Recent interest in economics returns to the Adam Smith's understanding of prosperity and growth
The first modern book in economics was called Wealth of Nations because its writer, Adam Smith, understood (and transmuted the idea) that the key to prosperity and growth was the generation and distribution of wealth — not just the flow of income. Recent interest in economics has started to return to this question, especially in the context of today’s rich countries. The academic attention on the metamorphosis and concentration of wealth has so far excluded poor countries. In fact, the study of the wealth of poor nations should be a core question in development economics (over income growth) because wealth tends to cumulate all past prosperity or disparity.
I found it notable that despite the detailed historical analysis in Thomas Piketty’s book Capital in the 21st Century, there was no mention of Indian wealth (although Mr Piketty is responsible for a top Indian income series: Banerjee and Piketty, 2005). To an extent this is understandable because personal wealth data on India is so limited and unreliable that documenting it would require a book in itself. Till date, the Reserve Bank of India (RBI) does not follow the tradition of publishing regular household and private-sector balance sheets at market value, to assess accumulation and asset prices. And yet due to its sheer size and importance, India presents a unique challenge to the notion of prosperity — it is simultaneously home to some of the wealthiest and poorest global citizens. In the past, the question of India’s colonial subservience was related to the drain of wealth, rather than income — the British enriched themselves at the cost of their prized colony. What happened once India became independent?
Creating a time series
In recent research, I try to answer this question for a particular historical phase in Indian history. The term “Hindu rate of growth” is not really religious — it meant a country made up mostly of Hindus that did not grow at the levels seen in other Asian countries undergoing development at the time. Given that people’s assets are disclosed to tax authorities at the time of death for the purpose of inheritance and because India had an estate tax in place until 1985, I was able to develop a series of top wealth-holders and a model called the Estate Multiplier Technique (Lampman, 1962). Due to the exemption limits, it turns out that the series could only start from top 0.1 per cent; this in itself is an indicator of how concentrated wealth was. Unfortunately, comparison with the wealth of the nation as a whole could not be made, because such aggregate series are not available. Sometimes the National Sample Survey Organisation (NSSO) conducts an assets and liabilities survey, but it is decennial at best and as with most surveys, underestimates the wealthy. To “normalise” values, I estimate the wealth of these top groups as a ratio of national income — in a sense capturing how many months’ or years’ worth of gross domestic product (GDP) could be financed exclusively by the Indian elite.

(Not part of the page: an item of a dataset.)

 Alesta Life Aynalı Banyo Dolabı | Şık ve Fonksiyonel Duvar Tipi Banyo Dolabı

My findings show sharp trends which seem quite reasonable in historical context. The elite declined in importance relative to national income due to a series of (oil-driven) inflation shocks and targeted anti-elite policies (mostly attributable to Indira Gandhi) such as the abolition of the privy purse1 and nationalisation of private assets in banking and coal. In 1966, the wealthiest 200,000 families could have financed around two months of national income but their decline was so dramatic that the top 0.1 per cent could barely finance a few days of GDP (Gross Domestic Product) by 1986. The composition of portfolios suggests that land related properties (urban and agricultural) lost a lot of their inflation-adjusted values. On the other hand, movable assets such as equities, bonds, gold etc. were able to recover their real values by 1986 consistent with the eventual relaxation of a super aggressive tax policy (Acharya, 2005). All this points to the rise of a new kind of savvy wealthy class amongst the elite themselves, because disparity within the elite themselves began increasing (after a decline until 1972) and the decline of the top 0.1 per cent was mostly due to the decline of the top 0.01 per cent or the super elite. Thus on net, the gainers were the intermediate elite (just below the top 0.01 per cent).

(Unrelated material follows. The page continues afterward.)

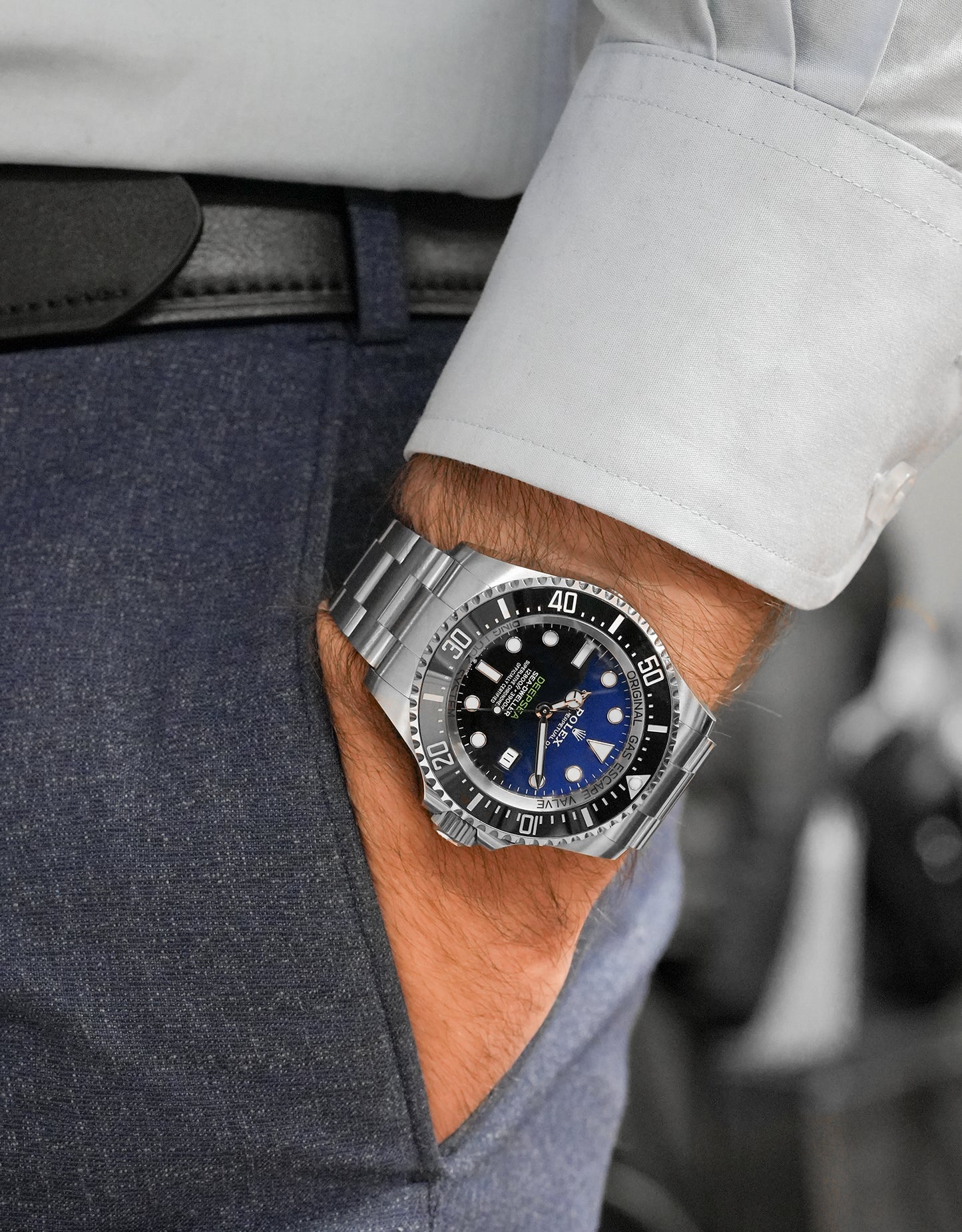 Rolex Deepsea Sea-Dweller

One way to rationalise these results is statistical equilibrium reasoning, which suggests that wealth concentration increases with liberalisation of capital transaction activities. Aggressive control and regulation of capital activity hence plays the opposite role, causing a reduction of sharp disparities in wealth portfolios — as was the case during my period of study.
Amongst other things, my study contrasts the relationship between wealth concentration and economic growth in India against Piketty’s hypothesis for the industrialised world. During low-growth phases in today’s industralised countries, past saving made wealthy incumbents more important relative to the majority of the income-earning population. The opposite was seen for India during my period of study - modest growth and a demise of the assets of the rich and elite. Indian growth during this era was quite low and driven by national capital accumulation for the development objective (Nehruvian Socialism, as it is called), with simultaneous tax scrutiny of the elite. If national capital crowds out personal wealth, then it makes sense that wealthy classes lose their importance.2 At the same time, tax policies aimed at equalising wealth distributions also play a huge role in breaking the endless cycle of inheritance and accumulation which otherwise perpetuates inequality. As more data becomes available, longer time series of top wealth-holders will tell us if these trends have been (as expected) reversed and whether the Indian elite are back again.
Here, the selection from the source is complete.